Even though its official status, the Catalan language is frequently attacked and according to the Spanish Constitution, its knowledge is only optional, whilst it is compulsory to learn/speak Spanish and French (in the North of Catalonia).

The history of the resistance.

In 1640 starts the "Segadors" War. Catalonia fights against the expansionist ambitions of France and the Castilian centralism and its presence in our country that was being used as an operations base. The war leads to the defeat of Catalonia and the signature of the Pyrenees Treaty (1659), according to which the territories of Rosselló, Conflent, Vallespir and Alta Cerdanya are conceded to France.

All those Catalan territories are left without any recognition or right.

Some years later, between 1707 and 1714, Catalonia goes to war against the Castilian king Felipe V of Borbon in the so-called Succession War. The defeat suffered by our past generations left to the absorption of the Catalan countries in the kingdom of Castile -now Spain - losing its freedom. Once the Spanish King Felipe V won the war, he went onto dictate royal decrees in the Valencian country, the Balearic Islands and the Principality of Catalonia by which the Catalan countries would be taken to a new time of deep and dreadful consequences for our political and cultural history. Our own juridical system was abolished, all the self-government institutions disappeared, the laws of Castile were imposed, the use of the Catalan language was banned in the official and public life and a long list of terrible measures were enforced with tyranny and repression, but that would never accomplish their target to destroy the language, culture and personality of the Catalan nation.

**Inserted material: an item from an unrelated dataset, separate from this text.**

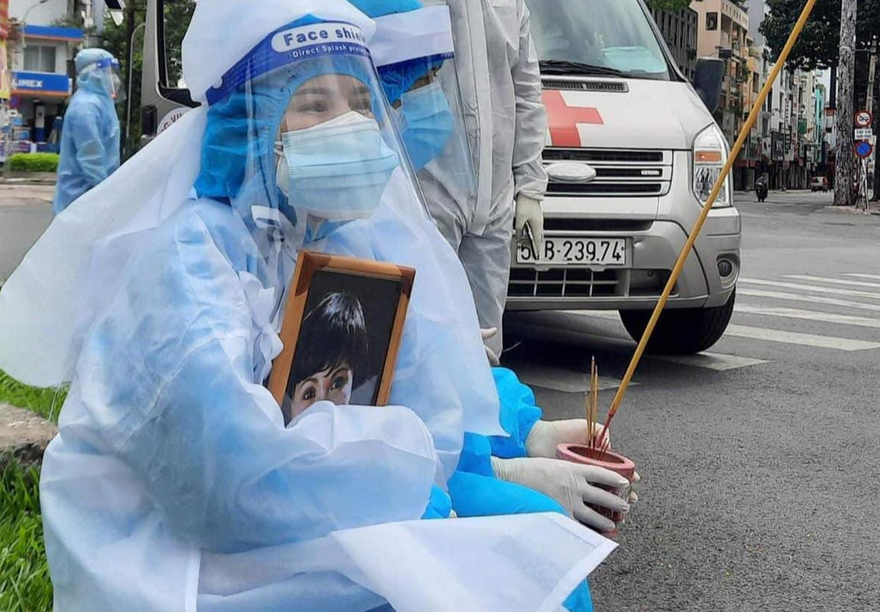 Nghệ sỹ Bình Tinh nén đau thương, lo liệu cho mẹ là nghệ sỹ Bạch Mai và những người thân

In 1939 the triumph of the coup d'état of the fascist general Francisco Franco leads again to the lost of the freedoms and institutions of the Catalan countries, which had been slightly recovered at the beginning of the thirties in the XX century. From 1939 to 1975 was carried out again a tough oppression against the Catalan culture and specially/ in particular the Catalan language.

The Catalan language disappeared from all the public organisms, its use was banned and it was also banned to teach it in schools. The cultural institutions of the Generalitat (autonomous government of Catalonia) were closed.

After a formal request by the dictator Francisco Franco, the democratically elected Catalan President, Lluís Companys, was captured and handed out to Spain by the Gestapo in summer 1940. In Madrid Lluís Companys was interrogated and savagely tortured. Finally the order to execute him was given and carried out in the Santa Eulàlia Fossar, Castle of Montjuic, Barcelona, 15th October 1940.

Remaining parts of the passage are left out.